Fortescue’s Decarbonisation Plan To Impact Dividends

ESG Focus | Sep 26 2022

Brokers focus upon the dividend impact from Fortescue Metals decarbonisation strategy and crave more detail.

-Fortescue Metals reveals a roadmap to decarbonisation
-Brokers feel more questions have been raised than answered
-Will costs be funded from cash flow or debt?
-Forecasts are lowered for the dividend payout ratio
-Potential lift for the companys ESG profile

By Mark Woodruff

For some time, brokers have been probing Fortescue Metals ((FMG)) for more colour around its decarbonisation ambitions.

While some details were provided last Thursday, brokers generally thought more questions were raised than answered, while future capital allocation has now come into focus.

The company revealed first time guidance on costs to eliminate fossil fuel use and achieve zero scope 1 and 2 emissions targets by 2030 for its iron ore operation in the Pilbara.
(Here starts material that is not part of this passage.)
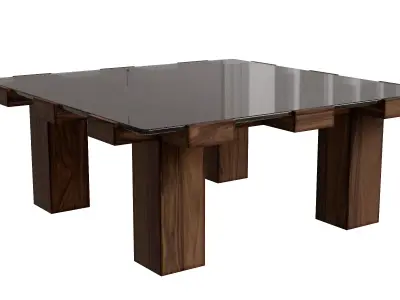 Solid Wood Square Glass Top Coffee Table Low-poly 3D model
The roadmap to achieve these targets includes the use of green power sources, battery/hydrogen trucks and trains powered by renewable energy. Electric and hydrogen drill rigs and excavators will also be used.

Managements capital expenditure estimate of US$6.2bn represents the incremental spend over and above existing planned sustaining and fleet replacement capex. This spend is expected to provide significant environmental and economic returns by 2030.

Those returns include net operating cost savings of US$818m per year from 2030, calculated at prevailing market prices for diesel, gas and Australian Carbon Credit Units.

The investment includes the deployment of an additional 2-3 GW of renewable energy generation and battery storage, and incremental costs associated with a green mining fleet and locomotives.

The company has not specified whether funding willcome from cash flow or debt. If the dividend is reduced by lower cash flows, Underweight-rated Morgan Stanley (target $15.15) estimates the absolute dividends for FY23-25 will fall to US89/47/20cps from US105/80/59cps.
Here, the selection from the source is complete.